I left for Bonita this morning with a book in hand in case she might want me to read to her. She loved books. She was one of my biggest fans when it came to my writing. When I posted my writings, she would consistently ask, “When is your book coming out? You better do it because I want to read it!” She inspired me. Motivated me. Believed in me. That’s what teachers do. The book I brought with me was Happy: Secrets to Happiness From Cultures Around the World. I don’t even remember how I came to own the book. I decided right before leaving my place that I should get a book to read to her, but I didn’t have time to buy one. So I went to my bookshelf, and it was the first one on the outside corner of the top shelf. I saw it and grabbed it quickly. I had not even read it yet.

The family was happy to see me. They had not seen me since our split which was almost 2 years ago. They walked me to room 4. The door was slightly ajar. Purell and Kleenex were what I saw first, remembering the rules for visiting – clean hands thoroughly, wear a mask if you’ve been recently sick, and don’t come at all if you’re actively sick. As I entered the room and set my eyes on her, a deep sting hit my gut. It’s a shock to the memory to see someone dying from cancer. Their hair has fallen out, their skin is dull, and their body is still, near lifeless. There is such a stark difference from the vibrancy of life she exuded during the good times I spent with her. It pained me tremendously to see her this way.

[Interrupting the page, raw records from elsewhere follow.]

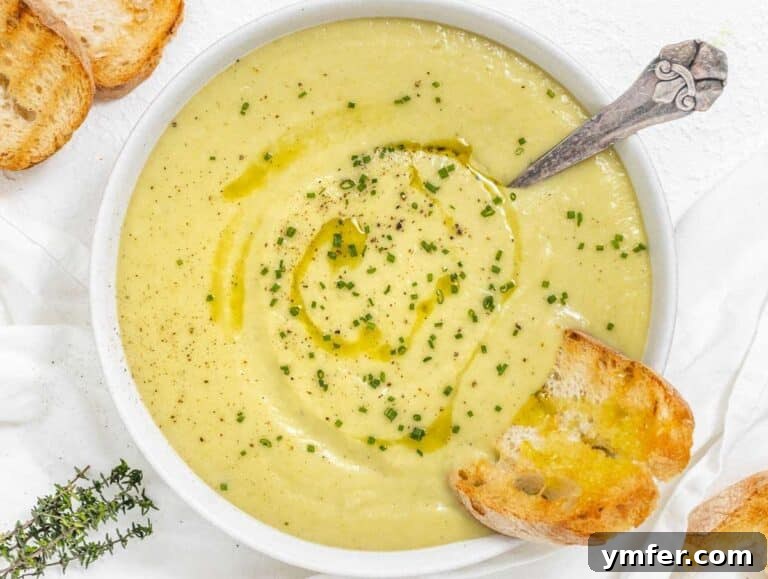 Naturally Creamy Potato Leek Soup with Skyr 12 Step 4 Bowl of potato leek soup garnished with chives and a drizzle of olive oil.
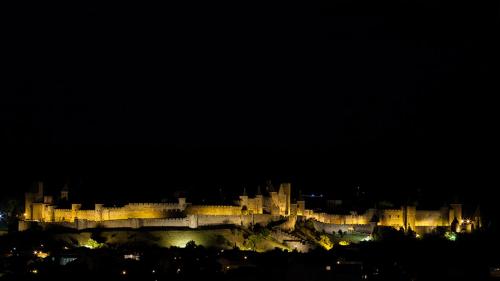 a large castle is lit up at night at L'Atelier B&B - Esprit bohème, la nature en ville in Carcassonne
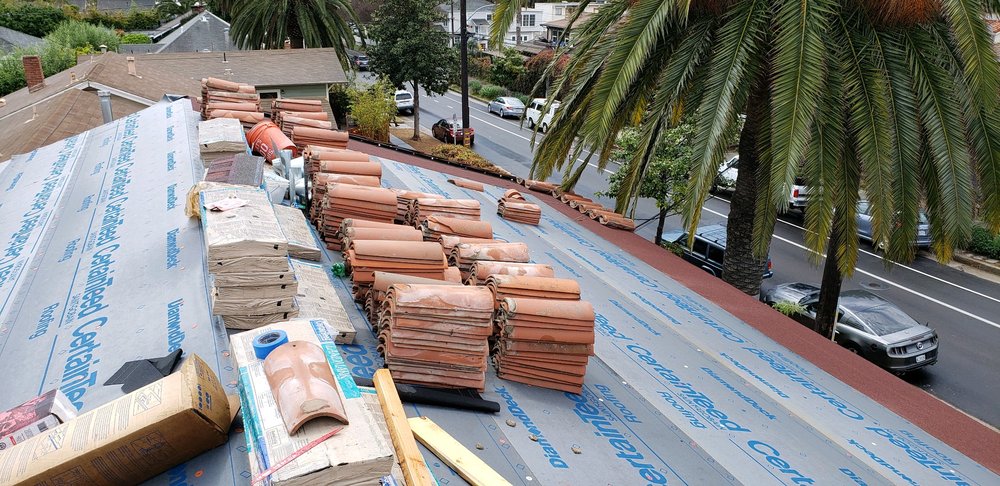 Slide of Al's Roofing & Gutters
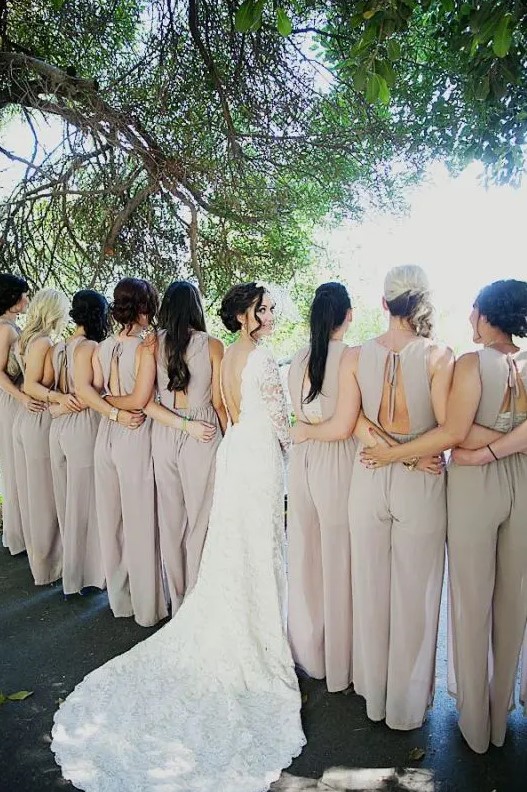 neutral fitting bridesmaid jumpsuits with high necklines and cutout backs with ties for a modern feel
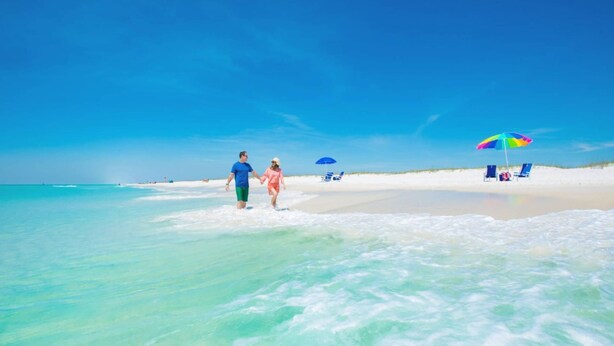 Una playa con agua turquesa cristalina, una orilla arenosa y algunas sombrillas.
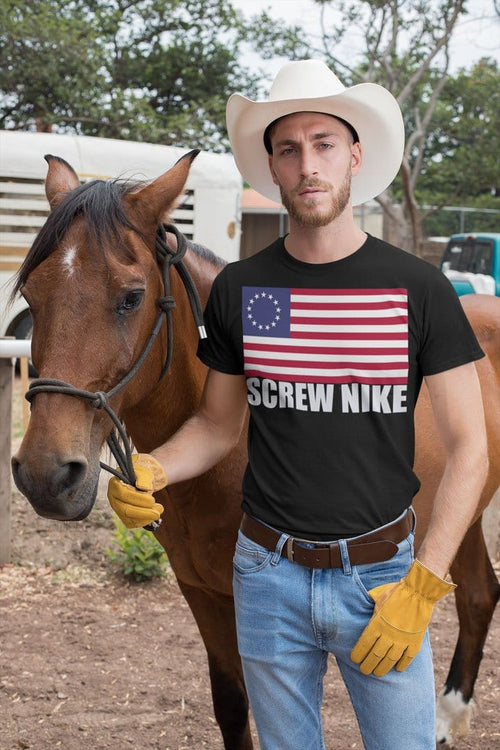 Man wearing Betsy Ross Flag Bold USA Pride Graphic Tee Shirt next to horse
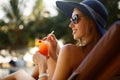 Portrait of young woman with cocktail glass chilling in the tropical sun near swimming pool on a deck chair with palm Royalty Free Stock Photo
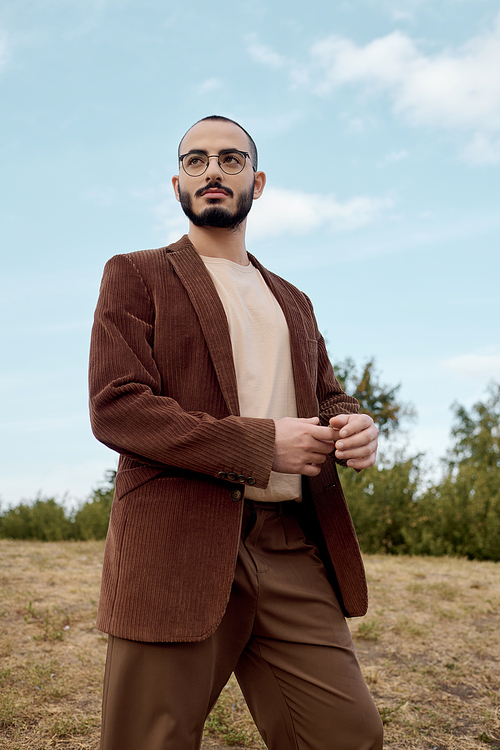 A handsome man dressed in stylish autumn clothing stands gracefully in a tranquil field.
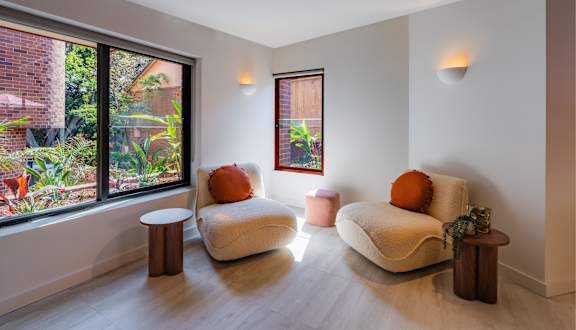 a living room with two chairs and a window
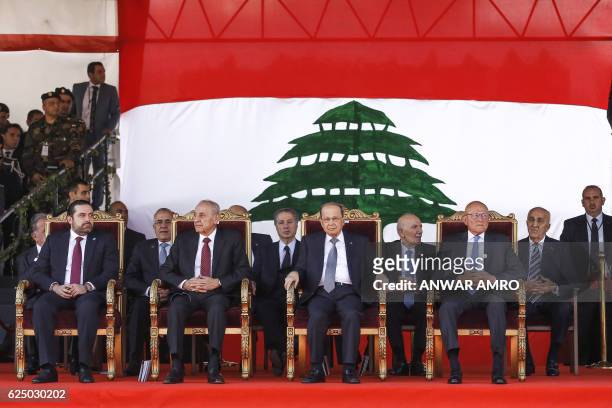 Lebanese President Michel Aoun , Parliament Speaker Nabih Berri , Caretaker Prime Minister Tamam Salam and new Prime Minister Saad Hariri sit during...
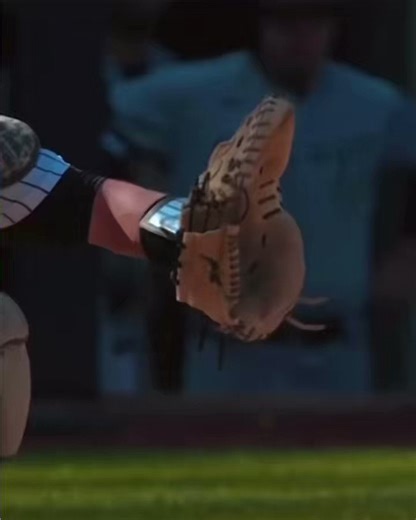 An unreal close up of a catcher’s glove receiving a 100mph fastball.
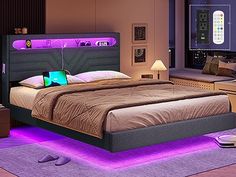 a large bed sitting under a purple light in a bedroom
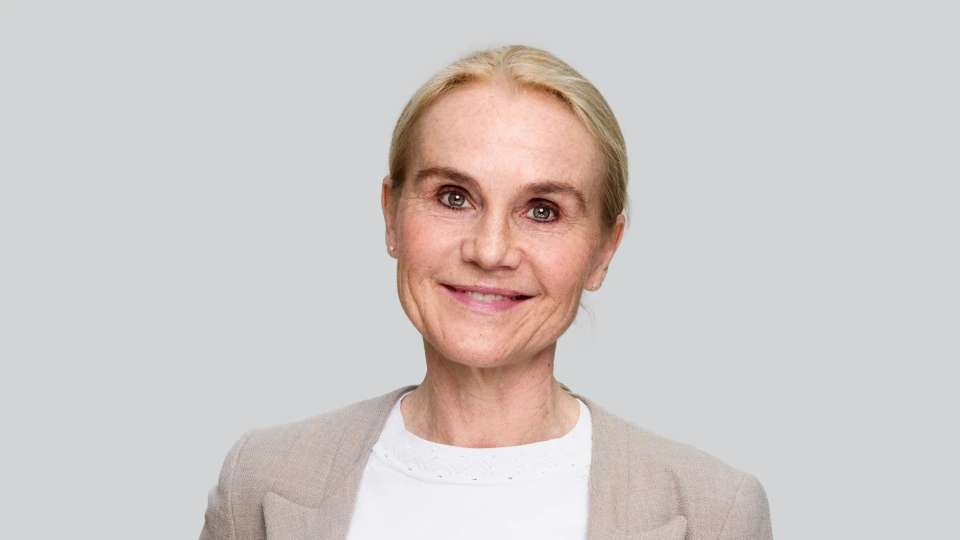 Portrettbilde av Mona-Elisabeth Rootwelt-Revheim som ser smilende inn i kameraet.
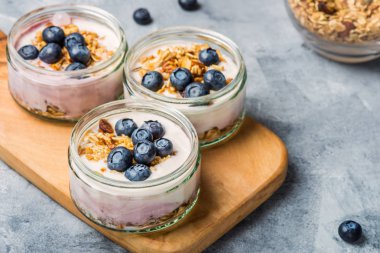 Ev yapımı Granola ve gri arka plan üzerinde cam kavanozlara yaban mersini taze doğal yoğurt kahvaltıdan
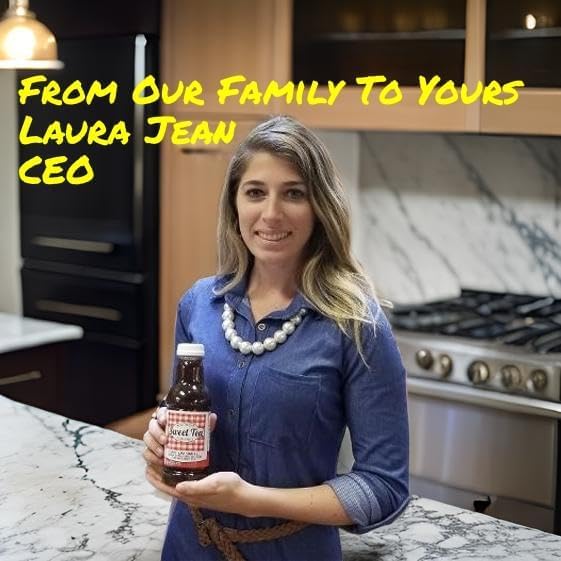CEO Laura Jean holding a bottle of Southern Sweet Tea Lemon Iced Tea in a kitchen with text From Our Family To Yours.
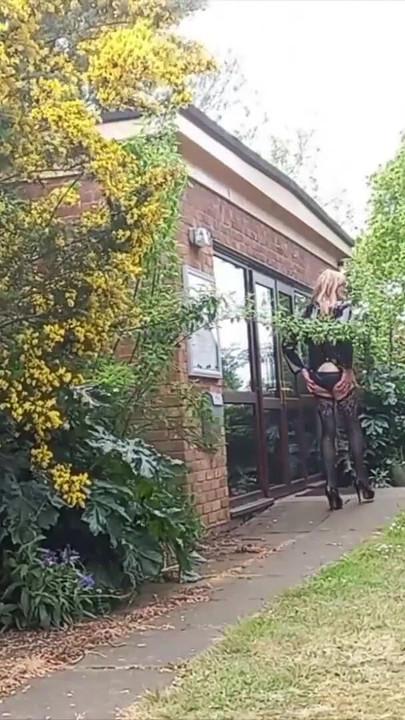 Emotional moment from "Crossdressing Gina Cumming in Panties Outdoors"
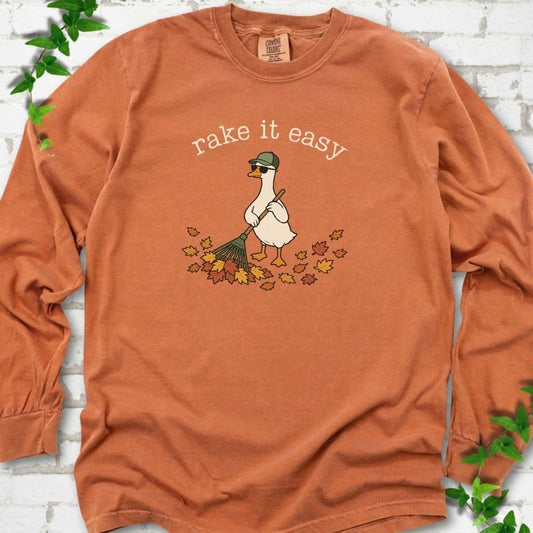 Yam long sleeve T-shirt flat lay with ivory "rake it easy" lettering above a white goose in a green cap and sunglasses raking a pile of orange and gold fall leaves, on white brick with ivy sprigs.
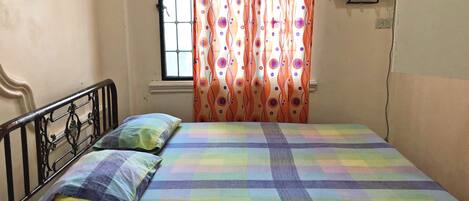 A single bed with a colorful checkered bedspread and two pillows, a window with a grid pattern, and an air conditioning unit on the wall.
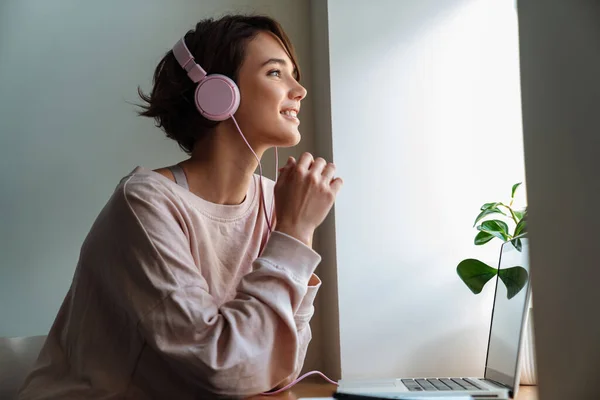 Glückliche Schöne Mädchen Mit Kopfhörern Arbeiten Mit Laptop Fenster Drinnen — Stockfoto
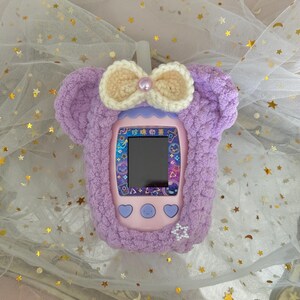 May include: A lilac-colored handheld electronic game device with a screen, buttons, and a protective cover. The cover is made of soft, fuzzy material and features a cream-colored bow with a pearl accent. The device has Japanese text on the screen.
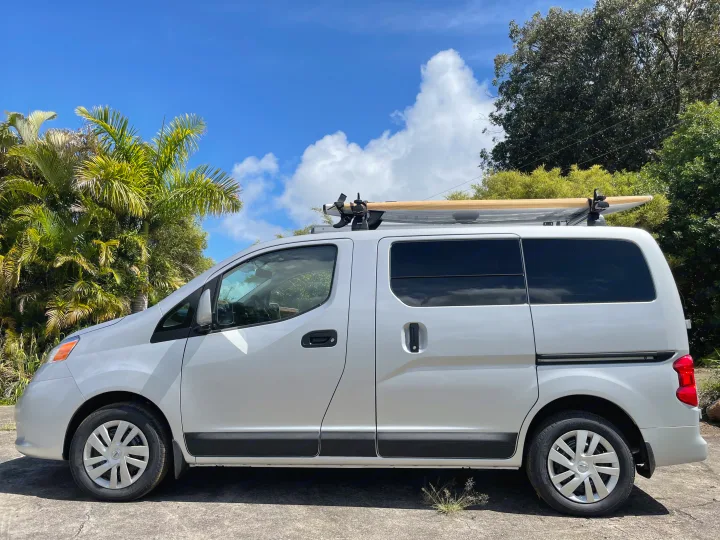 Compact RV rental: A white van with a surfboard on its roof, parked under a blue sky with vibrant palm trees, ready for adventure.. Nissan NV200 2021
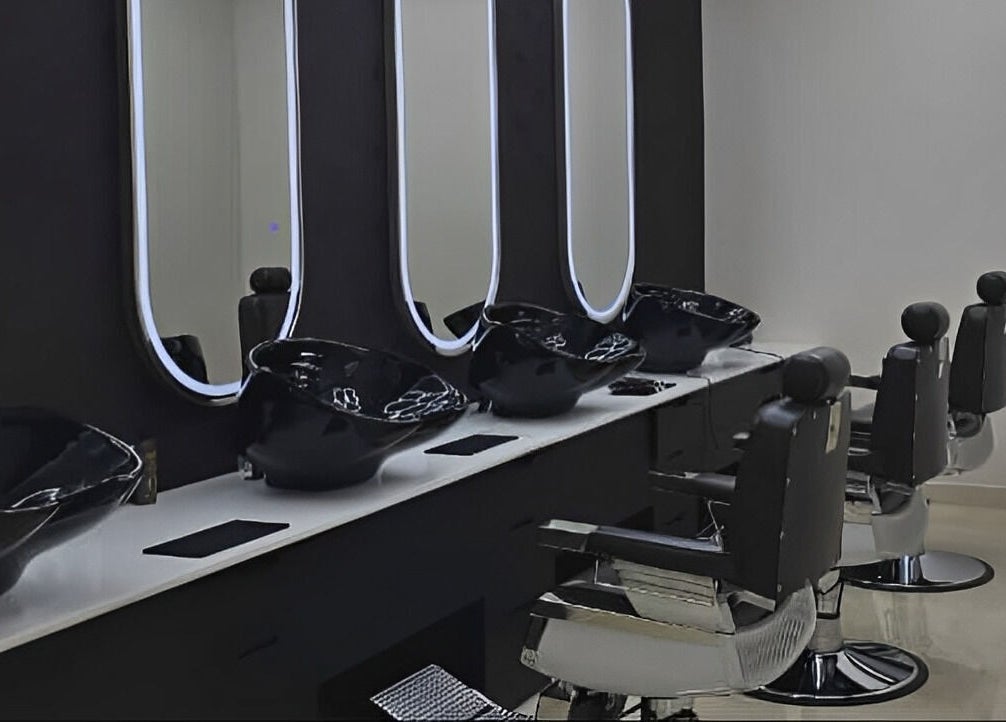 Stylish salon interior at Society 1840, Johannesburg, Gauteng, ZA, featuring black chairs and modern mirrors.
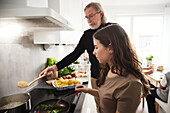 Family preparing meal in kitchen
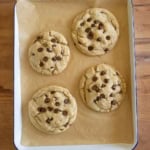 Four large chocolate chip cookies on brown parchment paper in a rectangular baking tray, placed on a wooden surface.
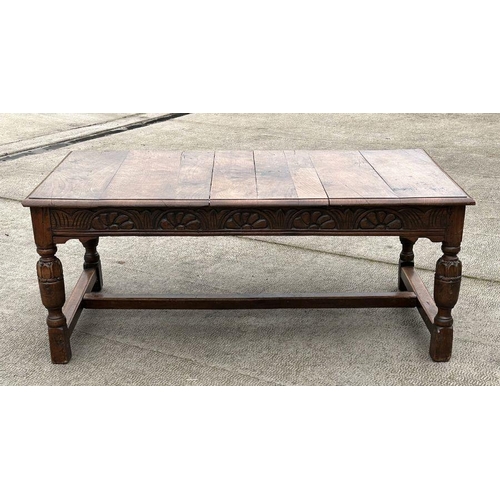 2199 - A large 17th century style oak refectory table with carved frieze, on turned bulbous carved legs joi... 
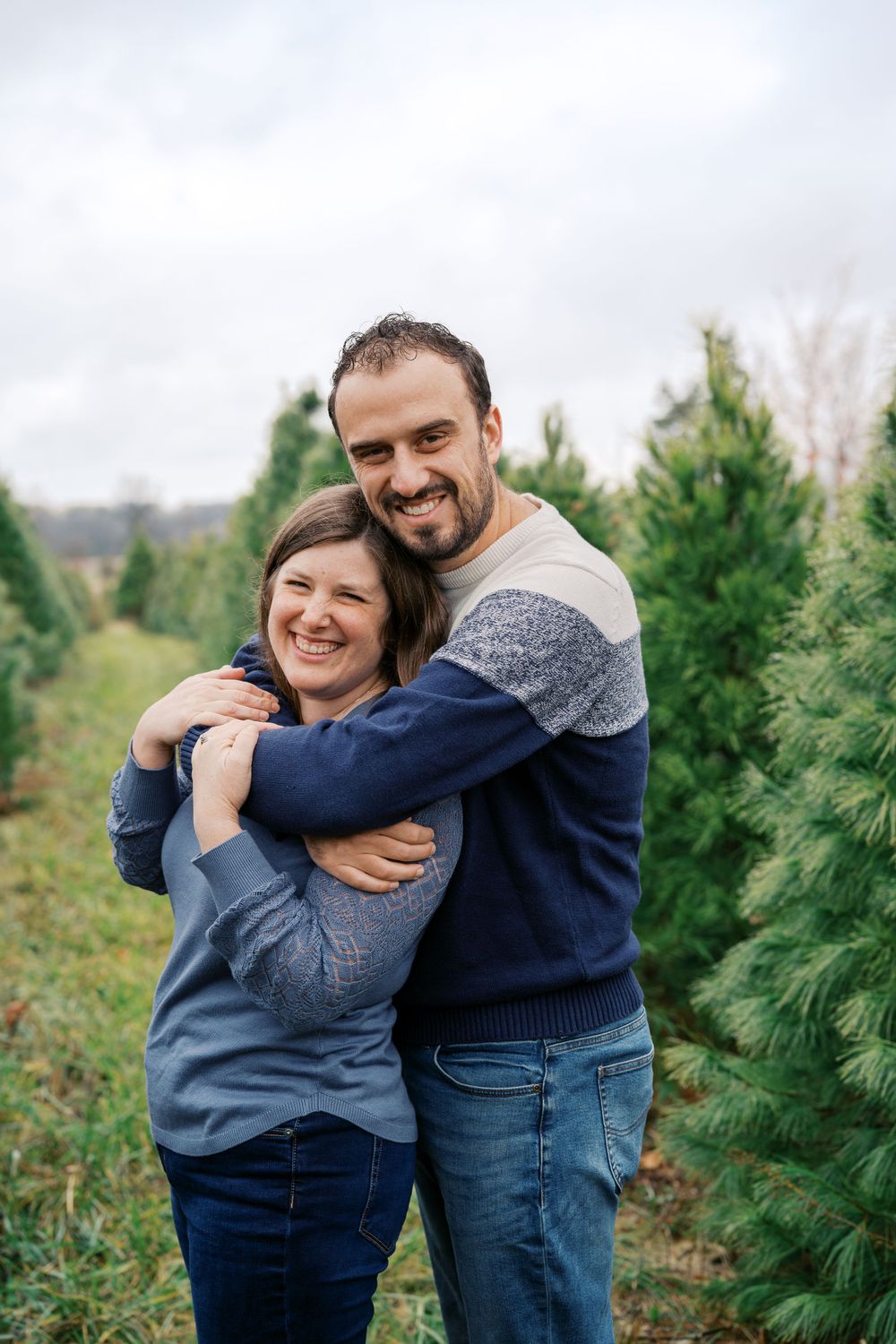 Candid embraces shared between people at a Christmas tree farm.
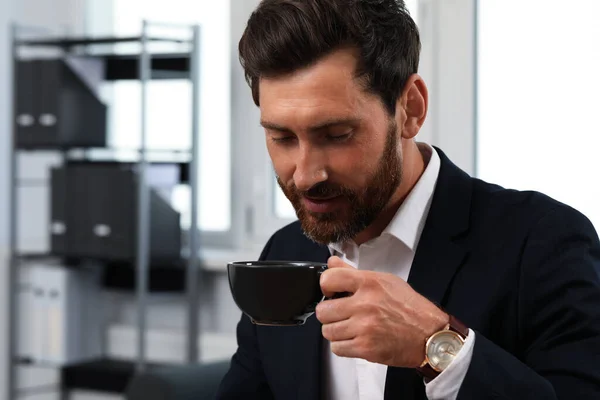 Handsome bearded man drinking cup of coffee indoors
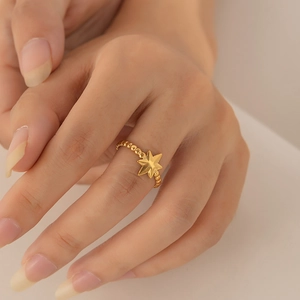Close-up of gold plated North Star ring featuring a unique beaded band design on finger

She looked like she was sleeping, but Uncle D said she can hear us. So I said hello. She turned to me, opened her eyes, and smiled. She reached her delicate hands out to touch mine. I rubbed them and noticed her nails were beautiful. Tubes were pierced into her arms, flushing morphine drops to soothe her pain. More tubes snaked into her nostrils, feeding her artificial nutrition to sustain whatever is left of her gastric system. She whispered my name, “Thao.” She pulled me toward her, softly, gently, warmly. The tears could no longer be restrained. But in that moment, I remembered again, life is short. Don’t waste this precious moment with her in sadness! I centered myself, smiled as widely as I could, and began talking to her. I told her I couldn’t wait to start writing my book because she was always one of my biggest fans. I then told her I got my sabbatical approved for fall of this year. I will finish my book, with a dedication to her! She smiled and even tried to giggle, but I could see it hurt her to try. So instead, she opened her eyes and blinked many, many times. I pulled out the Happy book, and asked if she would like for me to read to her. She said yes emphatically with a smile and several slow nods. I scanned the table of contents to find a title that might be suitable for this moment. And there it was.. “Recognise Your Teachers”… HOW PERFECT.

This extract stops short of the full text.